Scraped caption text data:
Start of Block

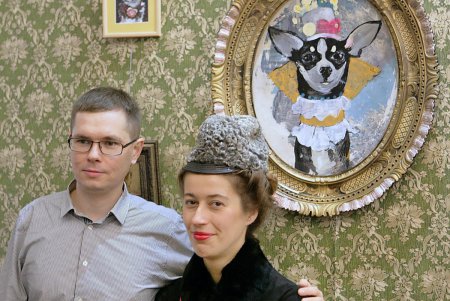«Дог Арт»: собаки «заселились» во Всемирный клуб одесситов (фоторепортаж)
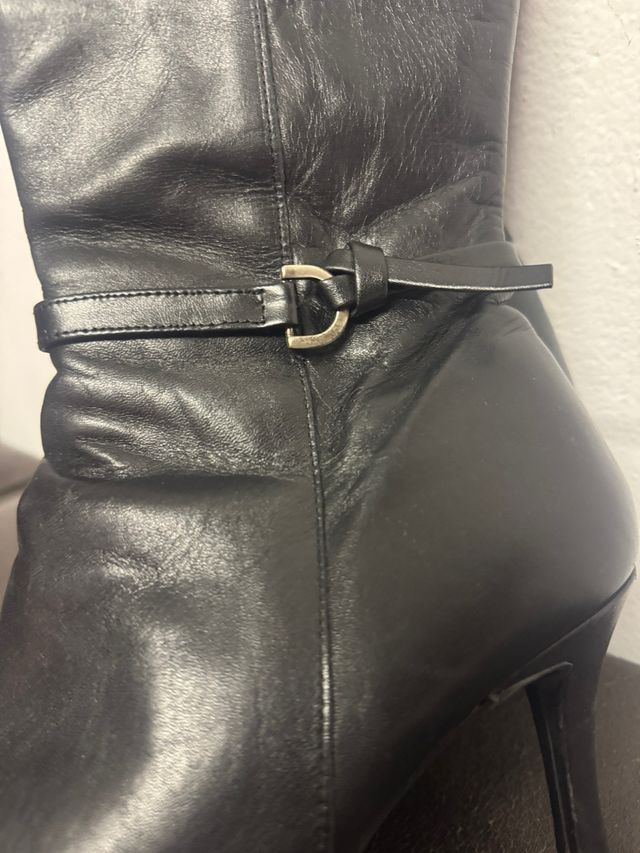 Botas de piel negras talla 39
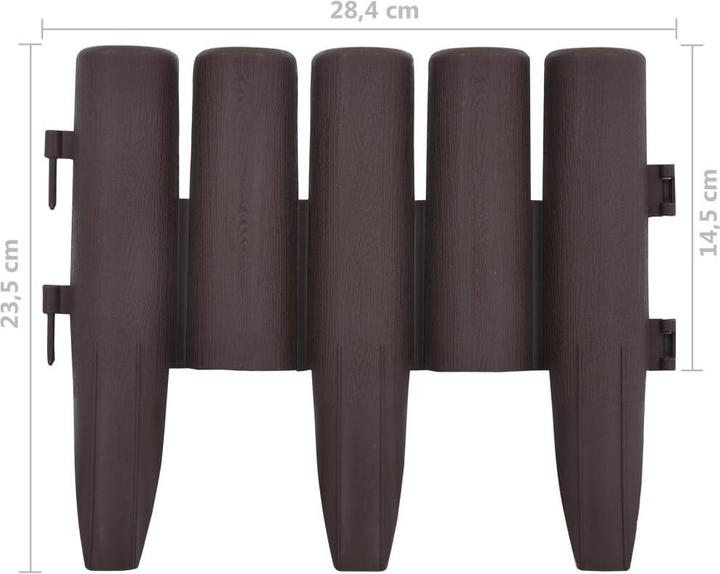 Actual product image vidaXL Rasenkante (1000 cm)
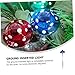 CAXUSD Outdoor Garden Solar Lawn Lamp No Tools Needed Energy Efficient Solar Mushroom Light Decoration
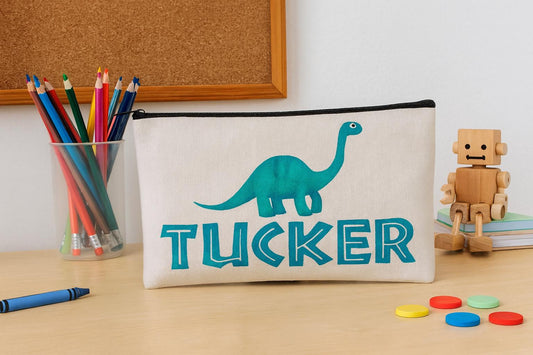 Personalized Dinosaur Pencil Pouch
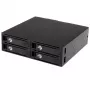 StarTech.com backplane de bahía extraíble de 4 bahías para unidades SATA/SAS de 2,5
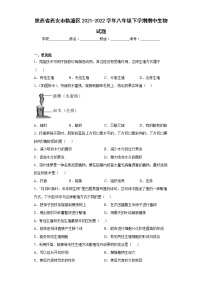 陕西省西安市临潼区2021-2022学年八年级下学期期中生物试题(含答案)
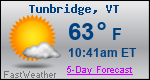 Weather Forecast for Tunbridge, VT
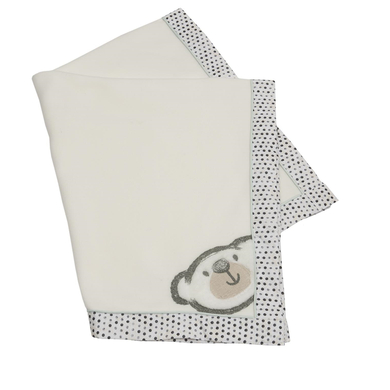 BeBes Collection Couverture bébé polaire Big Willi gris 75x100 cm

End of Block

* **Task prompt**:
Please output the lines from the line that contains "CAXUSD Outdoor Garden" through the end of the records, both ends included, exactly and with no pictures.

* **Written solution**:
 CAXUSD Outdoor Garden Solar Lawn Lamp No Tools Needed Energy Efficient Solar Mushroom Light Decoration
 Personalized Dinosaur Pencil Pouch
 StarTech.com backplane de bahía extraíble de 4 bahías para unidades SATA/SAS de 2,5
 陕西省西安市临潼区2021-2022学年八年级下学期期中生物试题(含答案)
 Weather Forecast for Tunbridge, VT
 BeBes Collection Couverture bébé polaire Big Willi gris 75x100 cm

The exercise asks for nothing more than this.